In my collection I have a set of close-up filters, a few macro filters, and a telephoto lens. Thus, my Holga is fit for all situations. In theory, that is. Those filters and lens are nice to play with, but it takes a lot of practice to actually get good pictures.

The telelens, for example, brings the image 1.5 times closer. The thing consists of a plastic case with dito lens that slides over the Holga´s lens. Make sure the camera is in the infinity (mountain) setting. A side effect of the telelens is extreme circular vignetting. It does have a certain something, but you should keep in mind that not everything you see through the viewfinder will be in the actual photo. More than ususally, make sure that the subject you want in focus is in the middle of the image.

The close-up and macro filters give a strong vignetting as well, but less than the telelens. They are much flatter filters, that you put on the front the lens (again with the camera on infinity). I am most fond of the close-up variations, which allows you to make photos at 50 cm, 25 cm and 12 cm, distance. Especially when using the smaller distances you should not depend too much on the viewfinder, because the lens is of course a few centimeters lower.
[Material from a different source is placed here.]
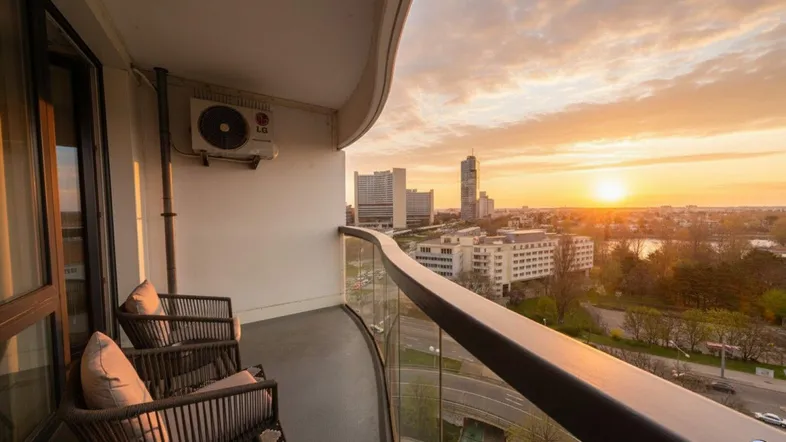 Balkon bei Sonnenuntergang mit Panoramablick auf die Stadt und den See.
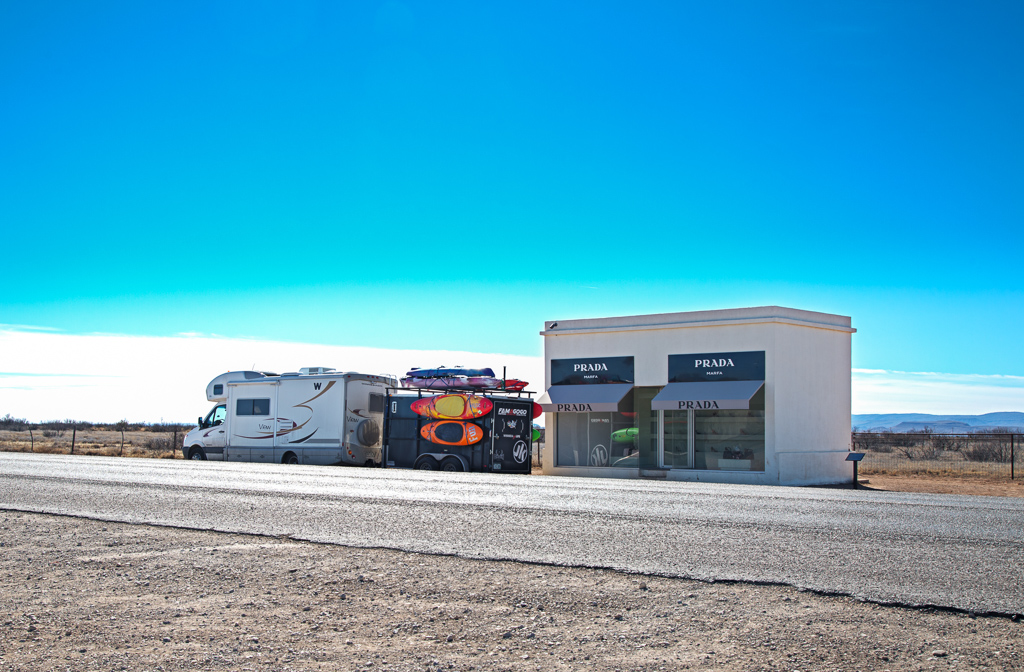 Winnebago View with trailer attached parked next to a stand alone Prada store in the middle of nowhere.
The macro filters allow a distance to your subject of 6 or 3 cm. In theory, these make for great extreme close-ups, but there are a few points of concern.

For example, at this distance – even more than when using the close-up filters – the viewfinder is completely useless. You will just have to look over the top of your camera and aim the lens at your subject. This takes some practice, and I have several pictures with just a bit of subject matter at the bottom of the picture to prove it.

Also, if you are this close to your subject, mind that it is not too dark. You can quickly block the light with your camera. You allready have an extra layer of plastic in front of the lens blocking light, so be sure to have enough iso, an extra lamp, or use the flash.

It is important for all filters to use the correct focus distance, because the depth of field is narrow. A measuring tape or ruler will probably come in handy. Or choose a subject with enough depth so that there is always something in focus.